Key Responsibilities
Manage the daily operations of our data platform, which includes Azure Synapse, Azure Databricks, Azure Data Factory (ADF), and Power BI. You will lead root cause analysis and incident triage during data quality issues, delays, or outages, ensuring timely communication with all relevant stakeholders.
Continuously monitor and optimize pipeline performance, compute workloads, Power BI refresh cycles, and overall platform resource usage. Define, implement, and enforce Service Level Agreements (SLAs) for critical datasets, pipelines, and reporting assets to maintain high operational standards.
Facilitate FinOps forums with business teams to review platform usage, identify cost-saving opportunities, and enhance financial accountability.
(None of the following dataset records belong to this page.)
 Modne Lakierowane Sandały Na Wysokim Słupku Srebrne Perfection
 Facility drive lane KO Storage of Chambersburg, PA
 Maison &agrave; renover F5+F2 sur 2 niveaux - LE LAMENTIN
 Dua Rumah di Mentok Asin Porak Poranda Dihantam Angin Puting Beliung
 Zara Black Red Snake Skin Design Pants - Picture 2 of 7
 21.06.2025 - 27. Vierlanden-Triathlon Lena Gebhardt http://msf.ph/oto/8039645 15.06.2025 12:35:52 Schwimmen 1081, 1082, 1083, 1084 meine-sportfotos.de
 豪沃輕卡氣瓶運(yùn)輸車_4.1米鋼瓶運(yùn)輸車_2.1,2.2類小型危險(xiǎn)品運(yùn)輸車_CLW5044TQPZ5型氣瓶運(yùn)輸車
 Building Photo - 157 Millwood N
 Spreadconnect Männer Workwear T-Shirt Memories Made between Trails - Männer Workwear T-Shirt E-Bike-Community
Track, report, and optimize expenditures related to Databricks clusters, Synapse pools, ADF activity runs, and Power BI consumption.
Oversee and improve CI/CD pipelines for deploying data pipelines (ADF), Databricks notebooks, and Power BI assets. Collaborate closely with engineering teams to ensure safe, automated, and compliant releases of data workflows and platform updates. You will own version control hygiene, release management standards, and rollback procedures for critical platform changes.
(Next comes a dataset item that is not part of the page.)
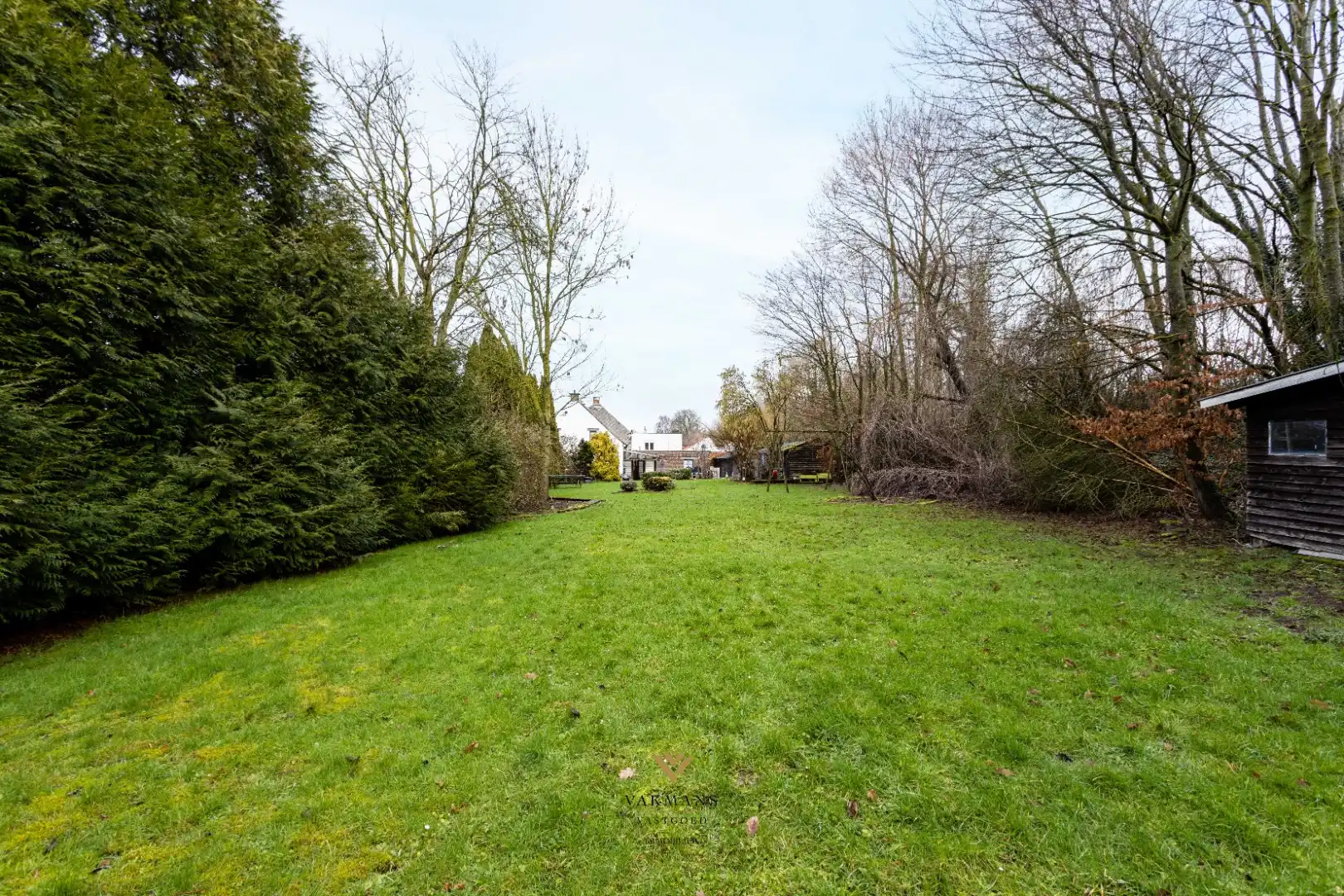 Fermette woning met oprit, dubbele garage en prachtige tuin foto 30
Implement observability solutions using Azure Monitor, Log Analytics, or other native tools to proactively detect and resolve issues. Develop operational dashboards, alerts, and automate routine failure recovery tasks wherever possible.
Maintain comprehensive runbooks, escalation protocols, and incident management playbooks to streamline operational responses. Work in partnership with data engineering and analytics teams to align operational strategies with business priorities and the overall platform roadmap.
Required Qualifications
- Minimum of 8 years’ experience in data platform or data operations roles, with at least 2 years in a leadership or strategic capacity supporting modern cloud-based data platforms.
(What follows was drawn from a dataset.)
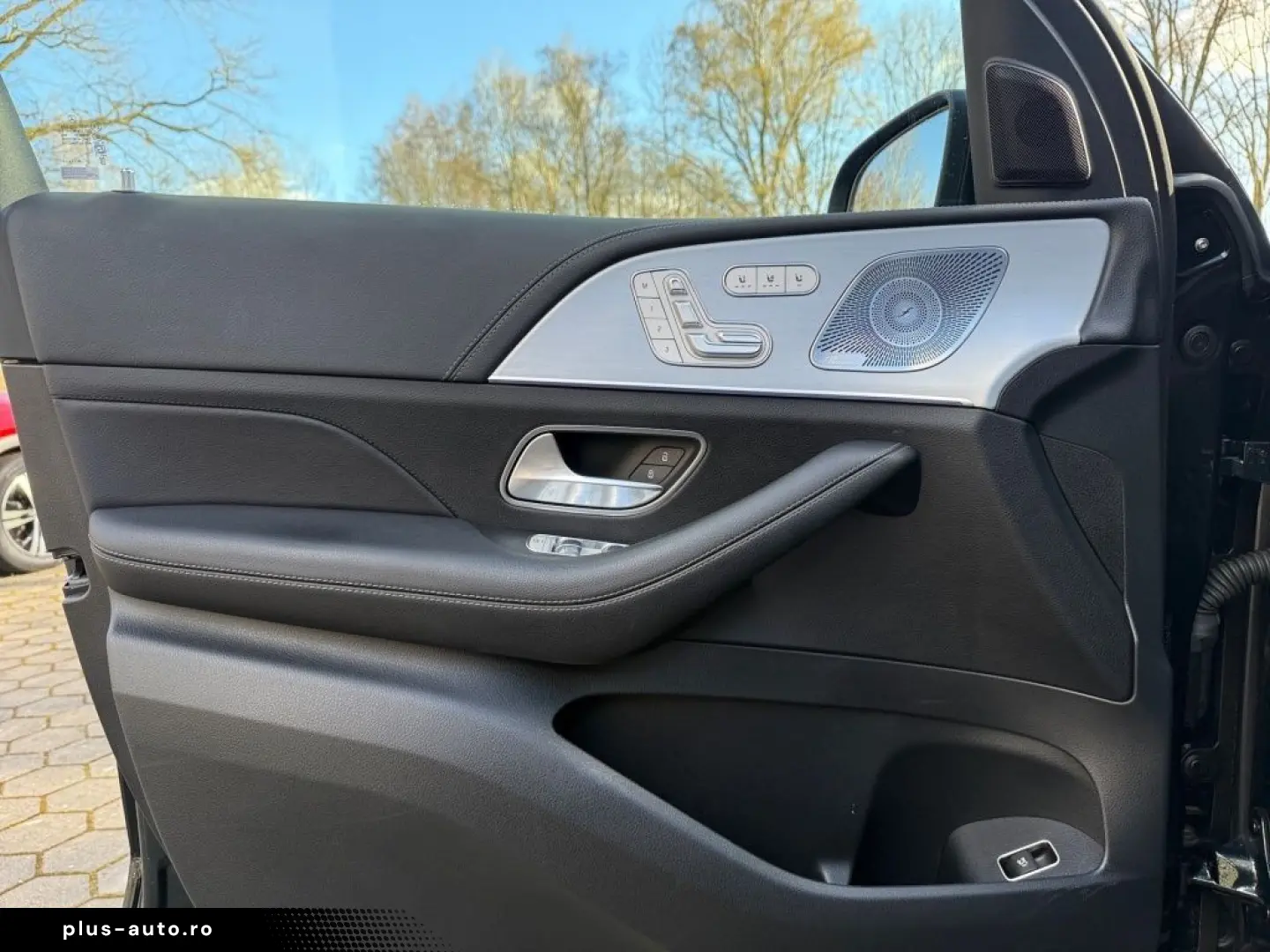 MERCEDES-BENZ GLE 300 d 4M AMG PANO AHK AIRMATIC HUD&hellip;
- Strong hands-on expertise with Azure Synapse, Databricks, Azure Data Factory, and Power BI.
- Proven experience managing CI/CD workflows for data deployments using Azure DevOps, GitHub Actions, or similar tools.
- Familiarity with Infrastructure-as-Code, release automation, and rollback planning.
- Solid understanding of cloud-native monitoring and incident management best practices.
- Excellent communication skills, especially under high-pressure operational incidents.
- Strategic mindset with the ability to link technical performance to business value and cost considerations.
- Strong documentation skills, process ownership, and problem-solving abilities.
- Experience with Azure Purview, data governance tools, or automated data quality checks.
- Knowledge of ITIL or formal service management frameworks.
- Certification or practical experience in FinOps or Azure cost management.
- Awareness of GDPR, HIPAA, or other relevant data compliance standards.
Preferred Qualifications and Benefits
Our team consists of over 700 professionals working on innovative enterprise projects and products, serving a diverse customer base including Fortune 100 retail and CPG companies, leading store chains, fast-growing fintech firms, and Silicon Valley startups.
Confiz stands out through its commitment to robust processes and a vibrant culture. We hold certifications in ISO 9001:2015 (Quality Management), ISO 27001:2022 (Information Security), ISO 20000-1:2018 (IT Service Management), and ISO 14001:2015 (Environmental Management). We foster a collaborative learning environment and prioritize making the workplace enjoyable.
Joining Confiz means working with cutting-edge technologies while contributing to both company success and your personal growth.